Try it.
Treat the line containing "Dog Collar Hexa" as the first line of the answer and the last line of the data as its final line, reproducing every line between exactly.

*** Block opens ***

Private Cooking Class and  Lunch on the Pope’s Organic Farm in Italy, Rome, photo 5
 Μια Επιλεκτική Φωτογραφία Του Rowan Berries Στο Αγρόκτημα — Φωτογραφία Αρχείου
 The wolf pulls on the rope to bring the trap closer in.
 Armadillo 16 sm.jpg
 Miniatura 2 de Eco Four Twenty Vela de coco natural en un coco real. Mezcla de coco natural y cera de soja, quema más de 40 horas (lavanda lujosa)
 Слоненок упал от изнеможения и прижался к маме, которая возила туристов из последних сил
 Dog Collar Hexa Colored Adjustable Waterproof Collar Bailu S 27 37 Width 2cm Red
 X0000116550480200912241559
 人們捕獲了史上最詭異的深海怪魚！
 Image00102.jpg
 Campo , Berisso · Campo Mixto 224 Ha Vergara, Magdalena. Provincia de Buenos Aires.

*** Block closes ***

Answer box.
 Dog Collar Hexa Colored Adjustable Waterproof Collar Bailu S 27 37 Width 2cm Red
 X0000116550480200912241559
 人們捕獲了史上最詭異的深海怪魚！
 Image00102.jpg
 Campo , Berisso · Campo Mixto 224 Ha Vergara, Magdalena. Provincia de Buenos Aires.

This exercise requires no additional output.